Convincente la regia di Calenda, attenta ad essere essenziale ed efficace per non tradire l’austerità del contesto e per restituire, per quanto possibile, quel pathos che l’attraversa e la compenetra fin dalle prime battute.
In questo caso il tenore Francesco Anile (Luigi) ha dato una buona prova delle proprie capacità vocali e attoriali dando al personaggio quello spessore che merita. Sempre ottima la performance di Alberto Gazale (Michele), compreso in quel personaggio cupo e dai sentimenti profondi che non riesce a esternare al quale mette a disposizione una bella voce ed una recitazione molto coinvolgente.
Assolutamente brava Renata Lamanda che ha reso la Frugola in tutte le sue sfaccettature, come pure, nella sua più che navigata esperienza, ha fatto il basso Luigi Roni con Il Talpa e Mario Bolognesi con Il Tinca.

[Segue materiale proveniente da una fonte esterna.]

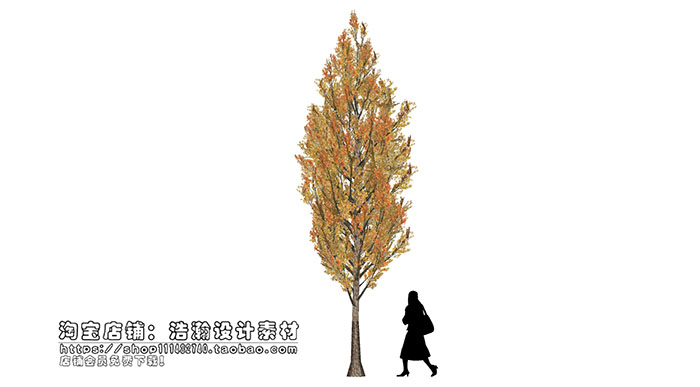 Urban landscape library, Trees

Più che positiva la soprano Chiara Angella (Giorgetta) che ha saputo dosare i due registri della protagonista (drammaticità e leggerezza) con bravura dandole quella credibilità che conquista il cuore del pubblico.
Interessante la direzione del M° Alberto Veronesi, attento a cogliere e restituire tutte le nuance di questa partitura nella quale Puccini impegna se stesso in un lavoro di cesello che rende quest’opera un piccolo capolavoro.
Prossime repliche il 10 e il 17 agosto.